Effetto dell'euro, si dirà. Tre anni fa stava a 1.12 e oggi a 1.21. La rivalutazione dell'8 per cento ha pesato negativamente, certo.
Anche lo yen, però, ha rivalutato e anche più di noi. Ci volevano 119.68 yen per comprare un dollaro il primo marzo 2015 e oggi ne bastano 106.76, una rivalutazione dell'11 per cento. Ciononostante il
Nikkei è riuscito ad apprezzarsi dell'11 per cento. Un americano che avesse investito sulla borsa giapponese tre anni fa senza coprire il cambio guadagnerebbe oggi il 22 per cento, sull'Europa il 3.
Il Giappone ha fatto l'
Abenomics. L'America ha tagliato radicalmente le tasse. La storia dirà se hanno fatto bene, ma almeno ci hanno provato. In Europa, oltre a inseguire a bastonate la provincia ribelle inglese, bacchettare l'est perché non vuole immigrazione e accertarsi che le banche italiane non comprino i titoli di stato italiani, riusciremo anche ad attrezzarci per il duro mondo che verrà?
Venendo all'immediato,
il dato più confortante per i mercati è quello dell'inflazione. L'andamento reale, in base agli ultimi dati di questi giorni, è decisamente meno minaccioso di quello che si cominciava a temere, sia in America sia in Europa. Occorreranno naturalmente altre conferme, ma intanto notiamo che il petrolio ha smesso di salire e anche questo è incoraggiante.

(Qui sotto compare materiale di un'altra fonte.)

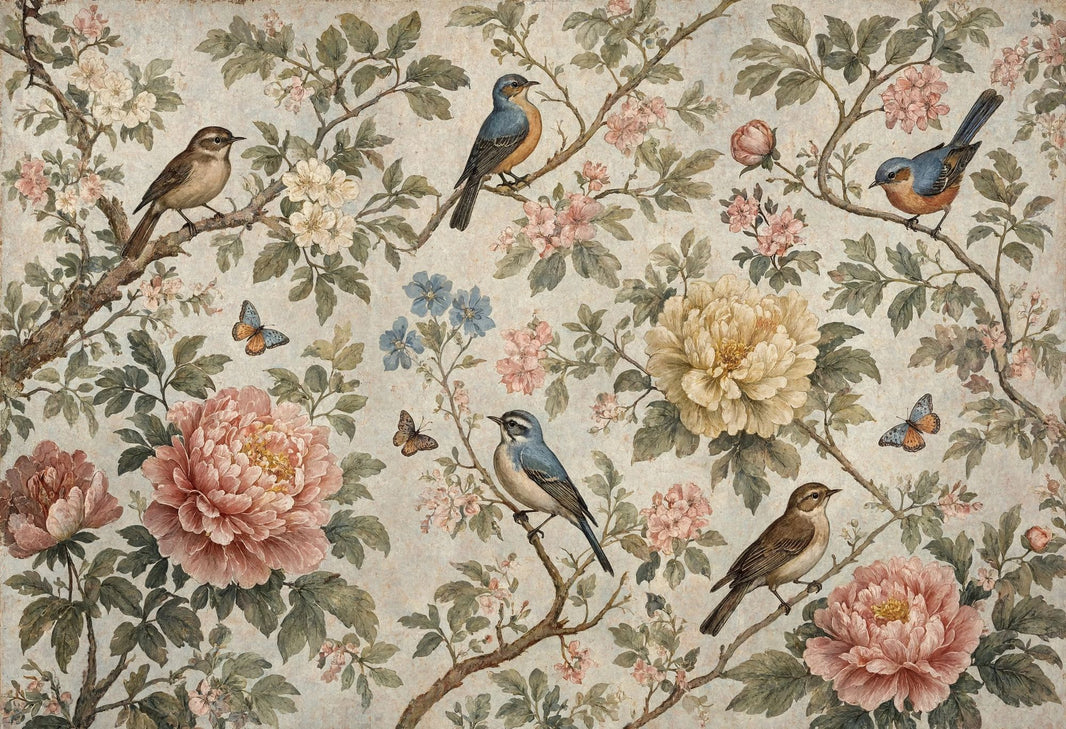 Chinoiserie Wallpaper Vintage Floral Garden Mural Removable Wall Decor pattern artwork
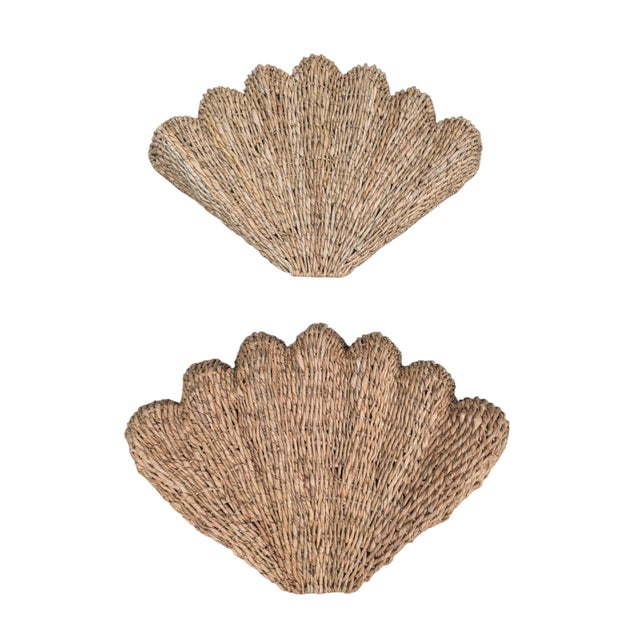 Pottery Barn Wicker Clam Shell Sculptural Wall Art-a Pair For Sale - Image 11 of 13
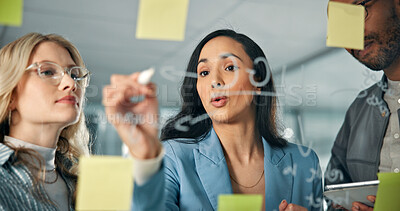 Buy stock photo Business woman, writing and glass with team for brainstorming, sticky note and discussion in meeting. Collaboration, problem solving and social media project plan with idea mind map and tablet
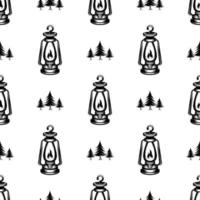 pattern seamless of lantern and pines tree in style vintage, retro, engraved. - vector illustrations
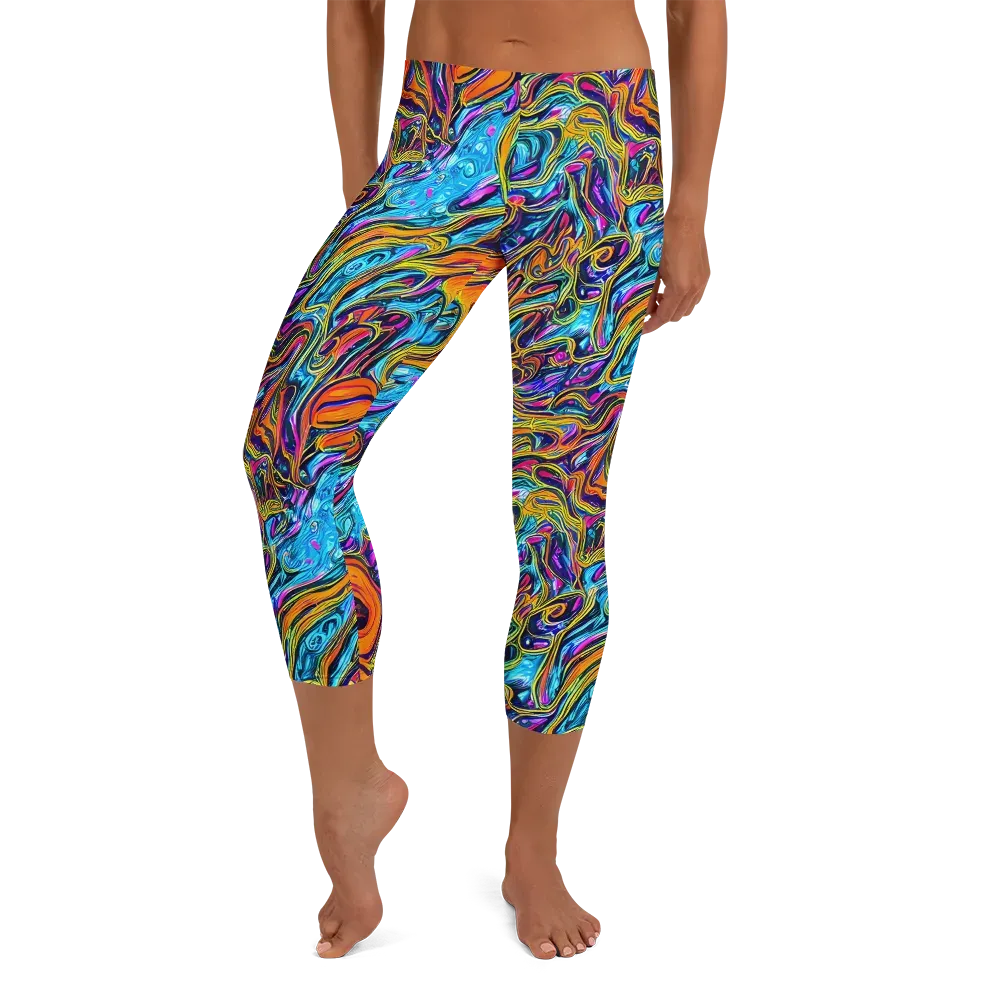 Vivid Gyre on Capri Leggings — Front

Borse e bond, che si stavano preparando a una nuova ondata di maltempo, possono ora respirare meglio.
L'inflazione arriverà, ma ci sarà una bella differenza tra un aumento improvviso e una salita dolce e controllabile. Ci sarà ancora volatilità, ma le inevitabili periodiche puntate verso il basso faranno meno paura.